Contrastive Learning for Seismic Horizon Tracking with Domain-Specific Priors

2026-06-15Computer Vision and Pattern Recognition

Computer Vision and Pattern RecognitionMachine Learning
AI summary

The authors address challenges in tracking 3D seismic horizons without labels. They combine two methods: one that aligns data trace-by-trace but struggles near faults, and another deep learning method that handles faults better but usually needs labeled data. Their approach uses reliable signal-based matches to guide training of a texture-focused neural network, helping it learn to follow horizons even through difficult fault areas. Tests show their method reduces errors compared to other unsupervised approaches and performs similarly to some semi-supervised methods.

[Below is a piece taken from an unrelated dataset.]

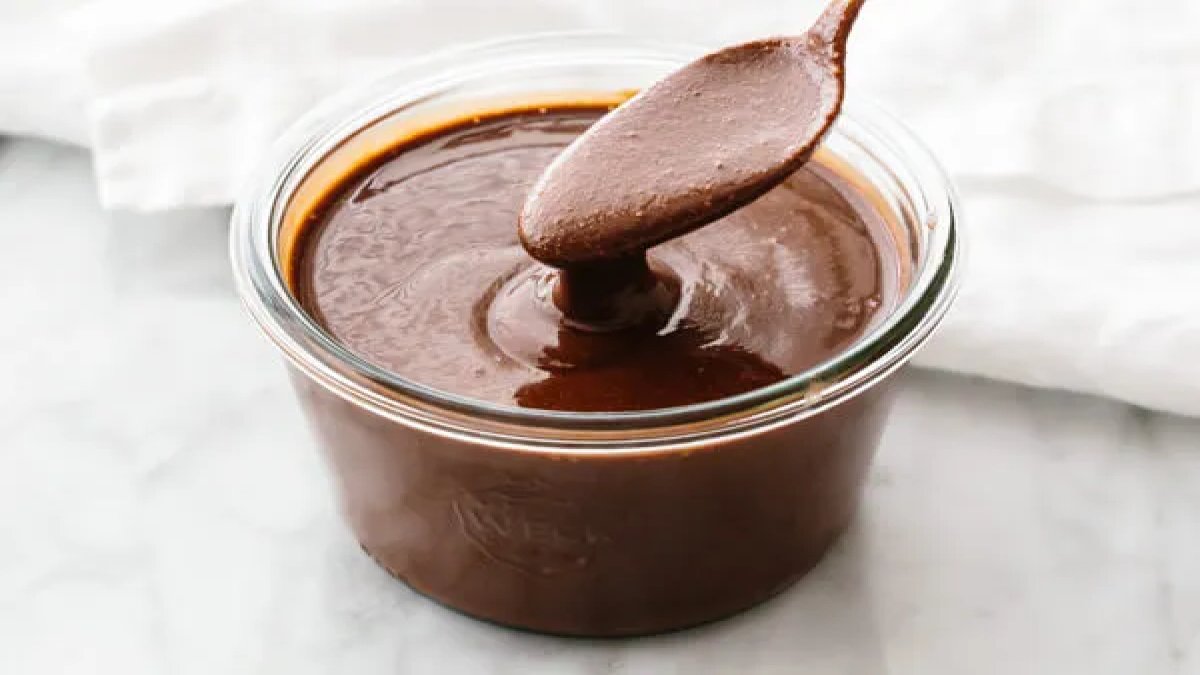 Tadını orijinalinden ayırt edemeyecekler! En yakın nutella tarifi: Para dökmeye son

3D seismic horizon trackingunsupervised learningself-supervised learningcontrastive learningreflector slopesfaults in seismic dataneural network embeddingstexture-based deep learningmean absolute error (MAE)
Authors
Alexandre Thouvenot, Lionel Boillot, Vincent Gripon
Abstract
Unsupervised 3D seismic horizon tracking faces a key limitation: signal-based propagators provide accurate trace-level alignment but often fail near faults, whereas texture-driven deep models are more robust to discontinuities, typically at the cost of labeled data requirements and reduced trace-level precision. We propose a self-supervised fusion of both paradigms in which signal-derived local horizon correspondences act as domain-specific priors to train a texture-based deep learning model. Specifically, we estimate reliable trace-to-trace flows from reflector slopes and use them to form positive pairs in a contrastive objective, while restricting training to high-confidence neighborhoods, optionally augmented with a fault mask. The objective is not to infer ambiguous correspondences close to discontinuities, but to preserve horizon identity across them. As a result, the network learns voxel-wise embeddings that preserve local signal continuity while enabling horizon propagation beyond discontinuities through similarity search. Experiments on the public F3 dataset and a faulted synthetic dataset achieve lower mean absolute error (MAE) than unsupervised baselines and competitive performance against a semi-supervised method using a single labeled slice.